Send it on to everyone you know including the person that sent it to you.
And remember that children laugh an average of 146 times a day; adults laugh an average of 4 times a day.
Put more laughter in your day!Sometimes when you have a stressful day or week, you need some silliness to break up the day. 
And, if we are honest, we have a lot more stressful days than not.
Here is your dose of humor...Follow the instructions to find your new name. 
Once you have your new name, put it in the Subject box and forward it to friends and family and co-workers.
Don't forget to forward it back to the person who sent it to you, so they know you participated. 
And don't go all adult- my son-in-law's senior manager is now known far and wide as Dorky Gizzardsniffer.
The following in an excerpt from a children's book, "Captain Underpants And the Perilous Plot of Professor Poopypants" by Dave Pilker.

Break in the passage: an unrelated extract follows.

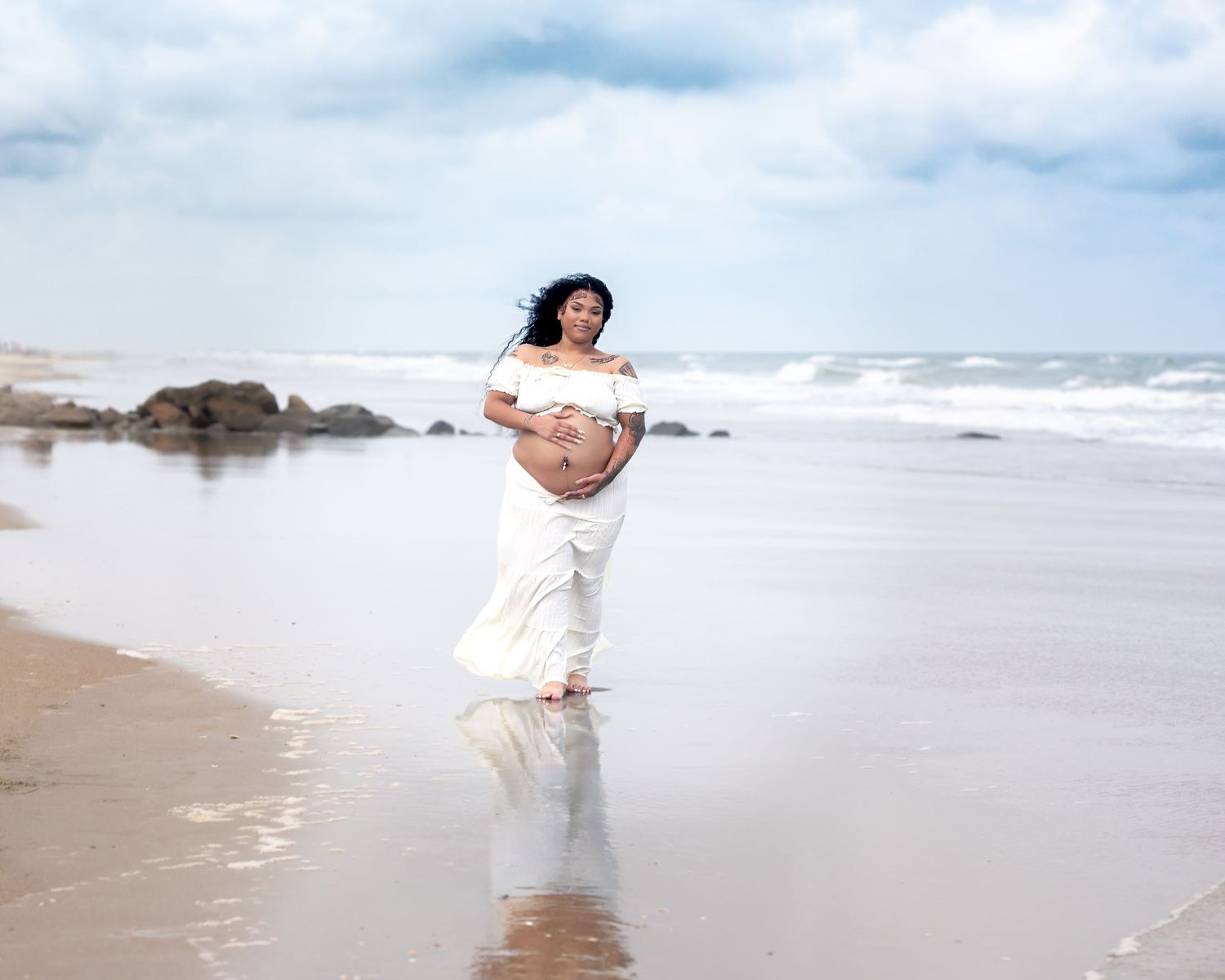 Pregnant woman in white dress walking on beach shoreline with waves and rocks in background.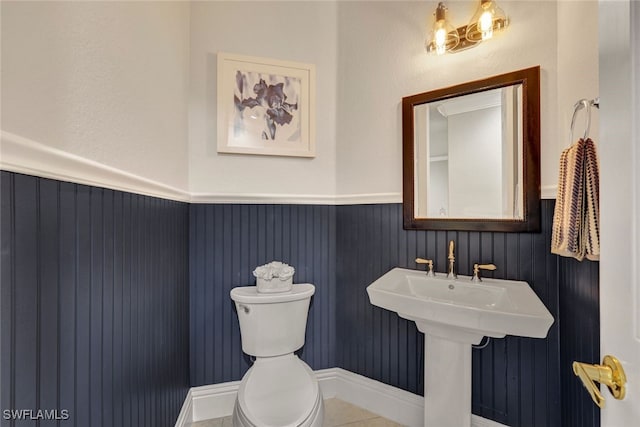 bathroom with tile patterned floors, toilet, and wainscoting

The evil Professor forces everyone to assume new names......
Use the third letter of your first name to determine your new first name:
a = poopsie b = lumpy
c = buttercup d = gadget
e = crusty f = greasy
g = fluffy h = cheeseball
i = chim-chim j = stinky
k = flunky l = boobie
m = pinky n = zippy
o = goober p = doofus
q = slimy r = loopy
s = snotty t = tootie
u = dorkey v = squeezit
w = oprah x = skipper
y = dinky z = zsa-zsa
Use the second letter of your last name to determine the first half of your new last name:
a = apple b = toilet
c = giggle d = burger
e = girdle f = barf
g = lizard h = waffle
i = cootie j = monkey
k = potty l = liver
m = banana n = rhino
o = bubble p = hamster
q = toad r = gizzard
s = pizza t = gerbil
u = chicken v = pickle
w = chuckle x = tofu
y = gorilla z = stinker
Use the fourth letter of your last name to determine the second half of your new last name:
a = head b = mouth
c = face d = nose
e = tush f = breath
g = pants h = shorts
i = lips j = honker
k = butt l = brain
m = tushie n = chunks
o = hiney p = biscuits
q = toes r = buns
s = fanny t = sniffer
u = sprinkles v = kisser
w = squirt x = humperdinck
y = brains z = juice
Thus, for example, George W. Bush's new name is Goober Chickenshorts.


----------



## YELLOW_TT

i am defo not going to be called gadget gerbilkisser :?


----------



## davidg

:lol: :lol: :lol: :lol: 
Squeezit Bubblenose


----------



## jampott

pinky applesquirt


----------



## NickP

Buttercup AppleButt


----------



## dimitt

Pinky Girdle


----------



## Kell

Boobie Chickenhead.


----------



## Pammy

Pinky Applebuns


----------



## andytt

Gadget Wafflenose
8)


----------



## mighTy Tee

Buttercup Applebrain :!:


----------



## XXMetal

Zippy Gridlekisser


----------



## ColDiTT

boobie bubblenose 8)


----------



## jdn

Pinky Girdlesniffer :?


----------



## Dotti

:lol: Chim-Chim Chicken Face :lol:


----------



## Kell

jdn said:


> Pinky Girdlesniffer :?


Isn't that co-incidentally your profession? :lol:


----------



## jdn

Kell said:


> jdn said:
> 
> 
> 
> Pinky Girdlesniffer :?
> 
> 
> 
> Isn't that co-incidentally your profession? :lol:
Click to expand...

ROFLMAO 

Absolutely not by the way! I stay way above the waist line at all times!


----------



## NaughTTy

Dorkie Applebuns here!! [smiley=thumbsup.gif]


----------



## amtechuk

loopy bubblechunks :lol: :lol: :roll:


----------



## R6B TT

Lumpy Wafflebuns.

Mrs R6B TT is Buttercup Wafflebuns


----------



## Chip_iTT

Squeezit AppleBrain...

hmmmmm


----------



## DXN

Gadget Cootie Hiney ?? :? Whats Hiney mean)

I prefered the star wars name game


----------



## Lisa.

Snotty Sprinkler :?


----------



## r1

Chip_iTT said:


> Squeezit AppleBrain...


Similar, I was Sqeezit Applesniffer.... :?


----------



## scott28tt

Goober Girdlefanny :lol:


----------



## StuarTT

Dorkey Gizzardbrain


----------



## Wallsendmag

gadget toilethead


----------



## ttvic

Buttercup Gizzardtush signing in [smiley=computer.gif]


----------



## smuTTy

Poopsie livertushie :lol:


----------



## ColwynC

Booby Wafflebiscuit


----------